Wolfe drew inspiration for his work of autobiographical fiction from an angel statue that stood on the family porch in Asheville. All parties involved agree on that. Problem is, Thomas Wolfe’s father ran a funeral monument shop so there were a lot of statues hanging around. In fact, W.O. Wolfe had ordered a bunch of the Italian Carrera marble angels from a dealer in Pennsylvania. There was an angel in a cemetery in Old Fort, another in Bryson City and a third in Oakdale Cemetery in Hendersonville.

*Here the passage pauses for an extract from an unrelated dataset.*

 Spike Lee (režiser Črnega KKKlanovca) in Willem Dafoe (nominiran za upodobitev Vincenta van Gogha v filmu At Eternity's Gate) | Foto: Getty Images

Which one was really Wolfe’s “An Angel on the the Porch?” This was no small deal, especially as Wolfe’s novel gained iconic status. For 20 years the towns bickered over who had the real goods?

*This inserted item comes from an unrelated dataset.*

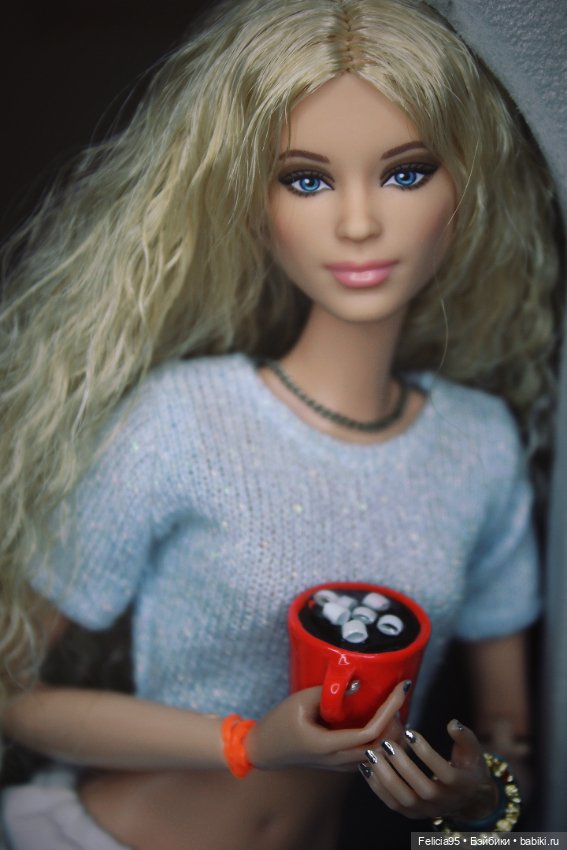 Barbie basics Model 07 Victoria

It eventually got too much for Myra Champion, a Wolfe historian in the Pack Memorial Library, to bear. In 1949 she tracked down anyone from the past half-century who had anything to do with a marble angel in the Blue Ridge Mountains. Old Fort had the best story - old man Wolfe lost that one in a poker game. But in her definitive analysis Champion declared that the true Wolfe angel was in Oakdale, “marking the grave of Mrs. Margaret Bates Johnson, wife of the late Dr. H.F. Johnson, a minister and former president of Whitworth College in Brookhaven, Mississippi.”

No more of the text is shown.